Polygamy in 1870s California was a hot political issue, partly driven by anti-Mormon hysteria.
It seems the hoaxer from the Evening Express, in seeking to close loopholes in bigamy laws, was successful beyond all intent. The story ended up sucking in 19th-century newspaper editors, 20th-century law professors and a 21st-century novelist.
The Herald on Sunday sent Moran the Walzer article several days after first speaking to her. "It came as a bit of a shock," she says.
Moran says the Oades story has been part of her family lore, after it was passed from father to mother, and then down to daughter, over the past 40 years. "It was a big part of my life. I heard the conversations, I heard my mother discuss it, then she gave it to me. This was one of the facts of my life," she says.
Writing Henry Oades was a nine-year effort, she explains, and the revelation her inspiration was an elaborate hoax makes her question the near-decade she spent writing.
Would she have written the book had she known the story of the real Oades? "I really don't know. I don't know if I'd have even started it," she begins. Collecting herself, she continues. "I take that back ... I was compelled by the unfairness of the story."
She says her Henry Oades didn't set out to have a polygamous relationship, but was persecuted for trying to do right by both of his wives. Casting either out of the house would be an injustice, she says. "I thought it was unfair they weren't able to have their family life undisturbed."
American writer James Frey was lambasted for having fictionalised large elements of his memoir, A Million Little Pieces.
But Moran's book, a work of fiction, cannot - and should not - be subjected to the same criticism. Like Booker-nominated New Zealand novelist Lloyd Jones' Biografi, who was criticised for blurring the lines between fact and fiction, Moran presented her story as fiction.
Victoria University associate professor of English Mark Williams says: "Fictions are by definition untrue - lies of a benign variety."
US-based literary critic Jolisa Gracewood, best known for discovering large chunks of Witi Ihimaera's book The Trowenna Sea were plagiarised, says the truth of Henry Oades will come in the writing, not the back story.
"It doesn't really matter whether the inspiration comes from real life or from an urban legend ... What matters is that the author transforms it into an original, persuasive and affecting work of fiction." Gracewood does add a kicker, though: "If it's being promoted as 'based on a true story', the publishers might want to rethink that strategy."
And, it seems, publishers have quietly backed down from claims that Henry Oades was based on fact.
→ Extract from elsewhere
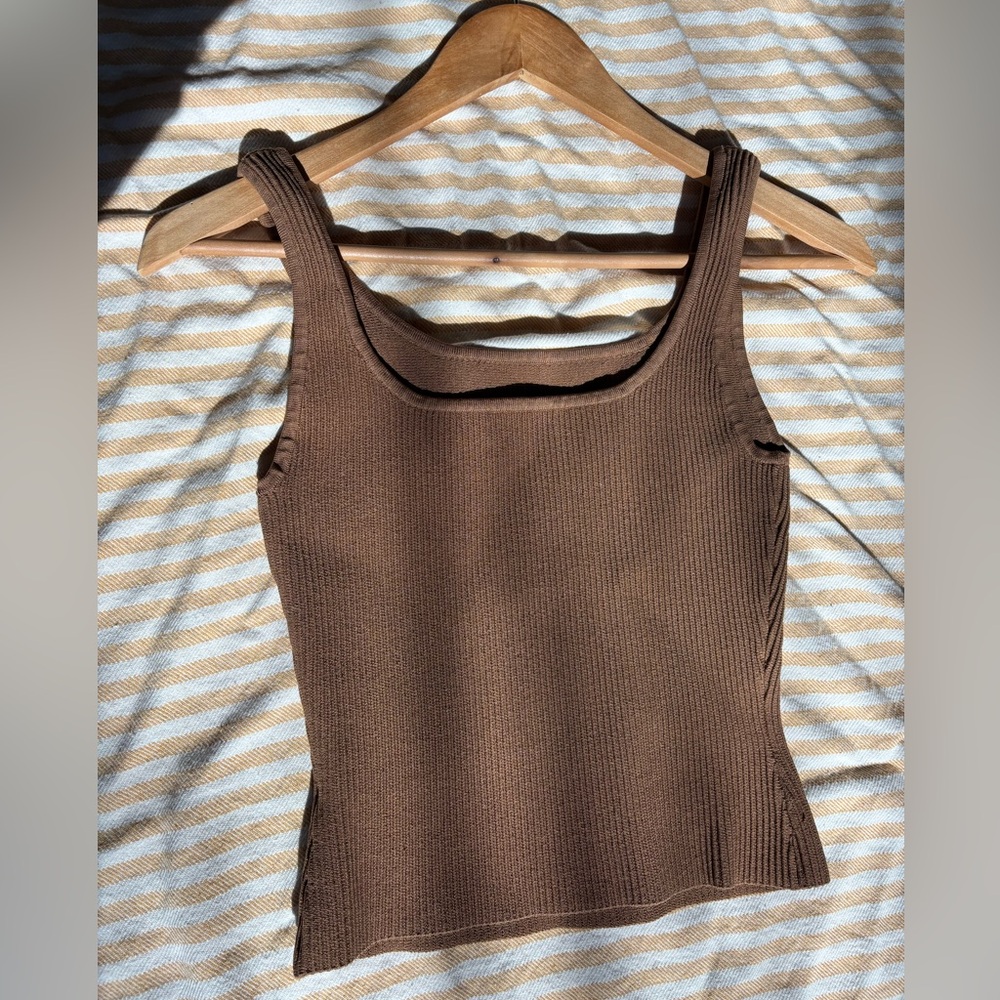 Aritzia | Babaton Sculpt Knit Squareneck Cropped Tank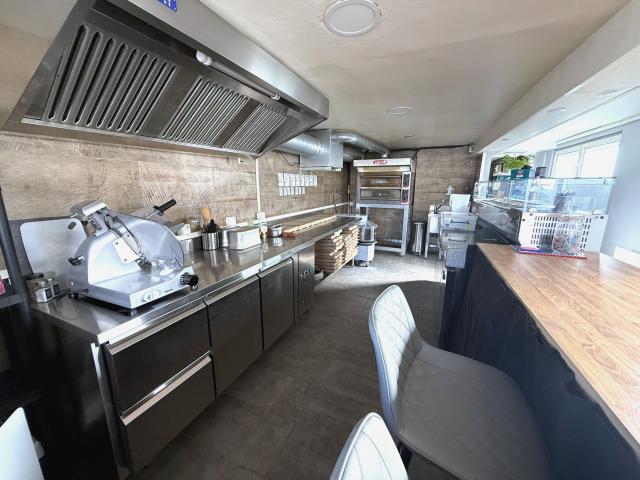 OSTWALD 67540 Immeuble mixte 110 m2 Local restauration prêt à exploiter + appartement avec fort potentiel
The back cover note to the New Zealand release has now been changed from that on the review copy, to say the story is "based on a widely-publicised and controversial newspaper account of the 1800s".
However, it seems at least part of the interest Henry Oadeswas due to its original claim to be based on fact.
One online reviewer, in a glowing write-up, notes: "I would not have believed this story if I had not read beforehand this was true."
The last word in the strange saga can go to to Bill Manhire, director of Victoria University's Institute of Modern Letters. "All the good stories," he says, "are too good to check." - The Wives of Henry Oades, by Johanna Moran (Harper Collins, RRP $33)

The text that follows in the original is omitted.